- Born: 1929 Lancashire, England
- Died: 3 February 2022 (aged 92–93)
- Education: Girton College, Cambridge
- Known for: Senior Operator of the original Electronic delay storage automatic computer (EDSAC), an early British computer constructed at the University of Cambridge Mathematical Laboratory
- Scientific career
- Workplaces: Ferranti; University of Cambridge Mathematical Laboratory;

= Margaret Marrs =

English computer programmer (born 1929)

Margaret Marrs (née Lewin; 1929 – 3 February 2022) was an English computer programmer who was the Senior Operator of the original Electronic delay storage automatic computer (EDSAC). EDSAC was an early British computer constructed at the University of Cambridge Mathematical Laboratory in England, and the second electronic digital stored-program computer to go into regular service.

== Education ==
Born in Lancashire, Marrs grew up in a village called Simonstone. She attended the Clitheroe Royal Grammar School where she completed maths, Latin, and French as her Higher School Certificate subjects. She studied maths at Girton College, Cambridge, graduating in 1951.

== Career ==
In 1951, Marrs worked as a computer programmer for Ferranti, a UK electrical engineering and equipment firm based in Manchester. Her work focused on adapting 39 differential equations for automatic computers. She accomplished this by working from a paper published in the late 1940s by Stanley Gill, adapting the Runge–Kutta method of solving differential equations for automatic computers.

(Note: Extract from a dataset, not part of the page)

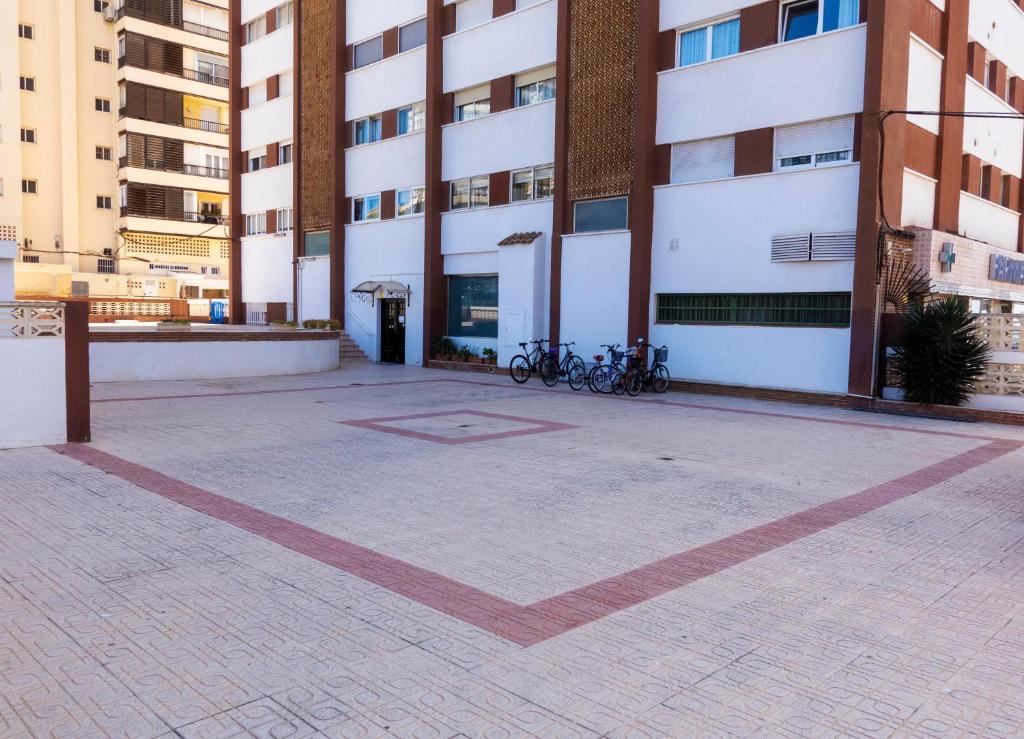 Kép Las Palmeras 15D szállásáról Benidormban a galériában
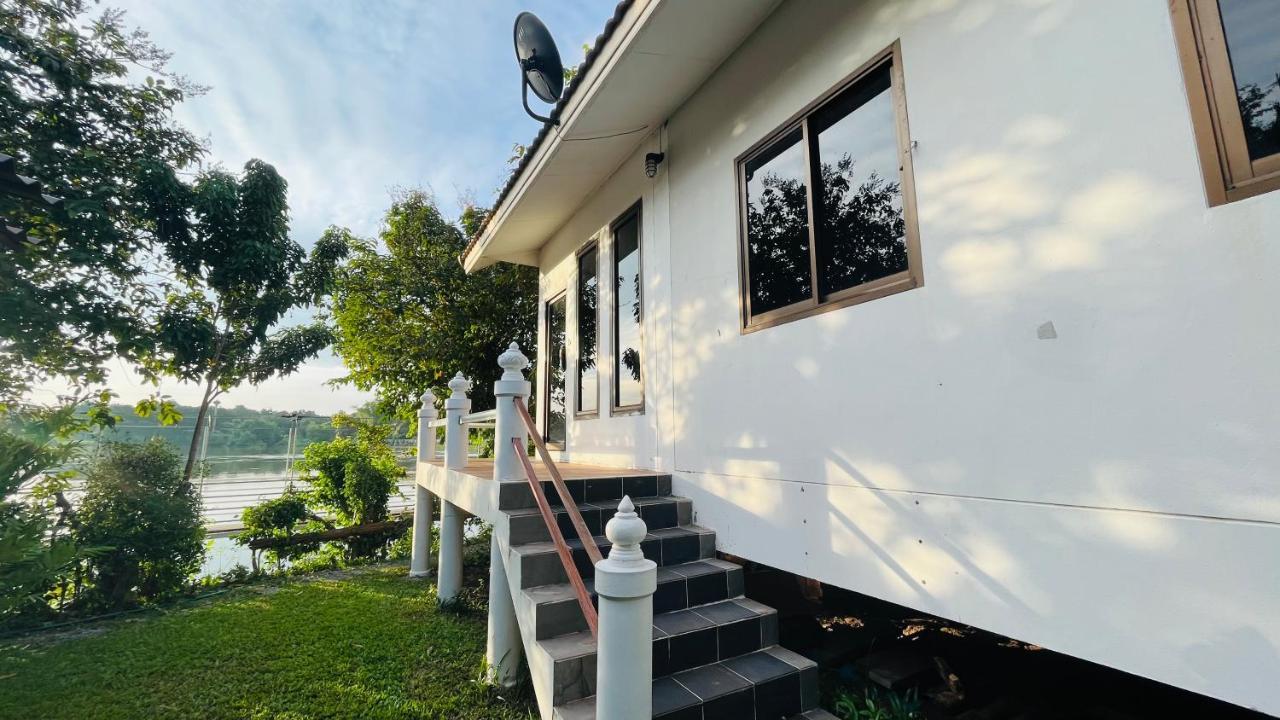 Moon River Resort Phimai Dış mekan fotoğraf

In 1952, Marrs returned to Cambridge where she was employed by University of Cambridge Mathematical Laboratory as the Senior Operator for EDSAC. Her job included punching tape into the computer to run programs.

In 2016, Marrs and other former EDSAC computer scientists, including Joyce Wheeler and Liz Howe, assisted the National Museum of Computing's efforts to recreate the EDSAC by providing information on the EDSAC's machinery. Marrs and other EDSAC veterans visited the reconstruction team to celebrate the 70th anniversary of EDSAC.

== Legacy ==
Marrs left generous legacies to the Fitzwilliam Museum and Girton College.